> EXERCISE
Which lines below hold the word "Pants"? Report each one.

> Short text fragments from websites

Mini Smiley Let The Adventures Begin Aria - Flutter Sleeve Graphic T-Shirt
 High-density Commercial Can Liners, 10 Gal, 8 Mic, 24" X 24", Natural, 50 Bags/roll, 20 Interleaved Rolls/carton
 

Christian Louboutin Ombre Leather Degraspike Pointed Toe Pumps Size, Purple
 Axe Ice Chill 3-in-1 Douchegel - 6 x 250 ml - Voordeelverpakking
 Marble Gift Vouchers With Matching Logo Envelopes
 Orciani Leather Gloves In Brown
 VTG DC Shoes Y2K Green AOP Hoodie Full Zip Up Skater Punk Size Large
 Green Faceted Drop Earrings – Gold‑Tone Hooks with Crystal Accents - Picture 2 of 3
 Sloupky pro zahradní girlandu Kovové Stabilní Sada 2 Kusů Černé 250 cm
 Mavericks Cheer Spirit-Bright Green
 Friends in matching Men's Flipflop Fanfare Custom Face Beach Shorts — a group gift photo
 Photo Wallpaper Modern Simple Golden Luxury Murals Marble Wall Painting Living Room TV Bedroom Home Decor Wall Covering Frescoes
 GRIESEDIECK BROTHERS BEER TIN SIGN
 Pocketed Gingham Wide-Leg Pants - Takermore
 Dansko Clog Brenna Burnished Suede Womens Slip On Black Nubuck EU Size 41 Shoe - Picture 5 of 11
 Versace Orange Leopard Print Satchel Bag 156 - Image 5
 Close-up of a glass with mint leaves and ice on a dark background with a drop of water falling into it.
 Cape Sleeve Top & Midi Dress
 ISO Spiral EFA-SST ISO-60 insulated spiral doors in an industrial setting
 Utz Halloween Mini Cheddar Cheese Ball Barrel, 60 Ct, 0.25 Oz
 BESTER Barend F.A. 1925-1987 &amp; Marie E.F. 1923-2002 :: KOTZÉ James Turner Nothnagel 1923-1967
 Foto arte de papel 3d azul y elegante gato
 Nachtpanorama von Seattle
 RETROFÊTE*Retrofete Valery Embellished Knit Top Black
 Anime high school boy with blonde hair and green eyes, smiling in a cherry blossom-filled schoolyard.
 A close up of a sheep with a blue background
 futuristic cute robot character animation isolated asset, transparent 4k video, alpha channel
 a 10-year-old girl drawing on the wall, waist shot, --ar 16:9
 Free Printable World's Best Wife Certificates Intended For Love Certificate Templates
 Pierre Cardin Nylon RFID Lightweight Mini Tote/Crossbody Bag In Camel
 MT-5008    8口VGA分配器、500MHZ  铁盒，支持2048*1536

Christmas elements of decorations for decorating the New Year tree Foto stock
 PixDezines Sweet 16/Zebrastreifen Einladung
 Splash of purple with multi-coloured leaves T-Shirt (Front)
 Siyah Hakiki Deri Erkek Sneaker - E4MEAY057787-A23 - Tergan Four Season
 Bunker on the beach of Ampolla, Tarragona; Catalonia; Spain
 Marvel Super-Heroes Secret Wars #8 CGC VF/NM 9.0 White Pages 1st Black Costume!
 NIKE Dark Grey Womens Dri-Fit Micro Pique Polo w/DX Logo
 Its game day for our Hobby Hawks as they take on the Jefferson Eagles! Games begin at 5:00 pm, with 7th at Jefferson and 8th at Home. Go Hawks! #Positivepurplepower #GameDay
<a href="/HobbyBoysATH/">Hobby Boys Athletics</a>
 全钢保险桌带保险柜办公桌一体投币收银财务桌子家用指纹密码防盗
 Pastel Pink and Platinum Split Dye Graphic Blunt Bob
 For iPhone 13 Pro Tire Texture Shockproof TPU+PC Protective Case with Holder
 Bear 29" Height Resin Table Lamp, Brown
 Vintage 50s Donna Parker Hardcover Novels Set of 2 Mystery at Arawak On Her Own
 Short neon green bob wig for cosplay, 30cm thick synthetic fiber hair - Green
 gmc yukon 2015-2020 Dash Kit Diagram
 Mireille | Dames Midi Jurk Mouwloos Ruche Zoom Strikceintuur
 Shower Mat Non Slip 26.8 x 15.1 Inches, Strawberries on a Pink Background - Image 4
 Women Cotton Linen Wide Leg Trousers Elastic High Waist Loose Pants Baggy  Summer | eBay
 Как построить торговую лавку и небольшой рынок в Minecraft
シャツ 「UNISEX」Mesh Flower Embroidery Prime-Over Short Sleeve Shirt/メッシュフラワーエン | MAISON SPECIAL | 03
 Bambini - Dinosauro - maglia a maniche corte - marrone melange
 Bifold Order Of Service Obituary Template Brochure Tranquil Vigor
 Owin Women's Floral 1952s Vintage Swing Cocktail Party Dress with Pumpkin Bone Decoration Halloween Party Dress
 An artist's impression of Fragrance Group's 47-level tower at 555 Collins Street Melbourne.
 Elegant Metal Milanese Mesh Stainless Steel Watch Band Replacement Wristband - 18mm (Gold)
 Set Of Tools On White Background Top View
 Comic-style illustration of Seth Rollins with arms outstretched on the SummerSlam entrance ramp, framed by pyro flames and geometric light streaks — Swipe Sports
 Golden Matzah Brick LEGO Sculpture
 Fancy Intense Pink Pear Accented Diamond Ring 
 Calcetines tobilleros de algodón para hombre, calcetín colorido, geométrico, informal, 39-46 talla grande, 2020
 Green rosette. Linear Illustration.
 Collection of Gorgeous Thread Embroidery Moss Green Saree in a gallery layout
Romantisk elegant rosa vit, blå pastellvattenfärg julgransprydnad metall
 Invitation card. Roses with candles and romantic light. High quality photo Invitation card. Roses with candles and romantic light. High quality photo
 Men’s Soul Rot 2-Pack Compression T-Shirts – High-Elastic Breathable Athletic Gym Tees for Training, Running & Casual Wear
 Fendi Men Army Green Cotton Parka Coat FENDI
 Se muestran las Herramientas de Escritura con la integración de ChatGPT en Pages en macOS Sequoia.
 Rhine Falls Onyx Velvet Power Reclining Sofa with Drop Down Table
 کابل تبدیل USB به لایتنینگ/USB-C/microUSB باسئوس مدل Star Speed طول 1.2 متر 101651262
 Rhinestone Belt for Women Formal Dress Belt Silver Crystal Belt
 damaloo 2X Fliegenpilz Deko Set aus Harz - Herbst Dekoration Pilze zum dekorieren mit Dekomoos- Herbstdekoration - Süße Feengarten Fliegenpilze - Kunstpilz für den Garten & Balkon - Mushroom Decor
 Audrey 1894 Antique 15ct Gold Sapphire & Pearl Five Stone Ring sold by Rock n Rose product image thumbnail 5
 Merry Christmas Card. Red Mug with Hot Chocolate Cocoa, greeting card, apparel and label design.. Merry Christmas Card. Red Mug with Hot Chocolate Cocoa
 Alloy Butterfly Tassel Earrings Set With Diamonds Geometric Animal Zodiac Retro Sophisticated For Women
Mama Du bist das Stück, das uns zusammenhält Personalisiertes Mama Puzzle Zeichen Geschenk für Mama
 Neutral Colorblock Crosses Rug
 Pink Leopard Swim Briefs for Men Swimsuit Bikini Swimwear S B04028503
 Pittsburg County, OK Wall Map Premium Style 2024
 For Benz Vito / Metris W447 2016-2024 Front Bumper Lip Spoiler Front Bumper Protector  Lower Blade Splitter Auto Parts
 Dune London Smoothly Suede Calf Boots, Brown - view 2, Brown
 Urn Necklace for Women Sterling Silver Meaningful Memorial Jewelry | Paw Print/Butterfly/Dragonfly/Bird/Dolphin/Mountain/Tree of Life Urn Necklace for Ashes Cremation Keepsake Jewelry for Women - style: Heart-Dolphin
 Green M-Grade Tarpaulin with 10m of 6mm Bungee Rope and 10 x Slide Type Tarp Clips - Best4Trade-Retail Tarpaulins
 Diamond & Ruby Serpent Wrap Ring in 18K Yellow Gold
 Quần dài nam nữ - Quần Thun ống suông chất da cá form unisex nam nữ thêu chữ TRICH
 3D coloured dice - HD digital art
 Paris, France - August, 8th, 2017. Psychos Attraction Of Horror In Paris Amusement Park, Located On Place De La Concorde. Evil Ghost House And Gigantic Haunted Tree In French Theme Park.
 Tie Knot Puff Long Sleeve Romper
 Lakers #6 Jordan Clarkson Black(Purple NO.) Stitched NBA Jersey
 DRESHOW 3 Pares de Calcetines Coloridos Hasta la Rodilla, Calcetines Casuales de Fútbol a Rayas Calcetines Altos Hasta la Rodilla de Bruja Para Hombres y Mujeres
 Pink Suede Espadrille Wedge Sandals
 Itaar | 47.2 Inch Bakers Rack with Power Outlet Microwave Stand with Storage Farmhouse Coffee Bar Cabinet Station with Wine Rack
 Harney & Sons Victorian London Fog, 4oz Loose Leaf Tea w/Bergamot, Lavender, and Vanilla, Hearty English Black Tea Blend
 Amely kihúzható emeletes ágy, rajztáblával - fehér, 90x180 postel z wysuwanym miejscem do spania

> TASK RESULT
 Pocketed Gingham Wide-Leg Pants - Takermore
 Women Cotton Linen Wide Leg Trousers Elastic High Waist Loose Pants Baggy  Summer | eBay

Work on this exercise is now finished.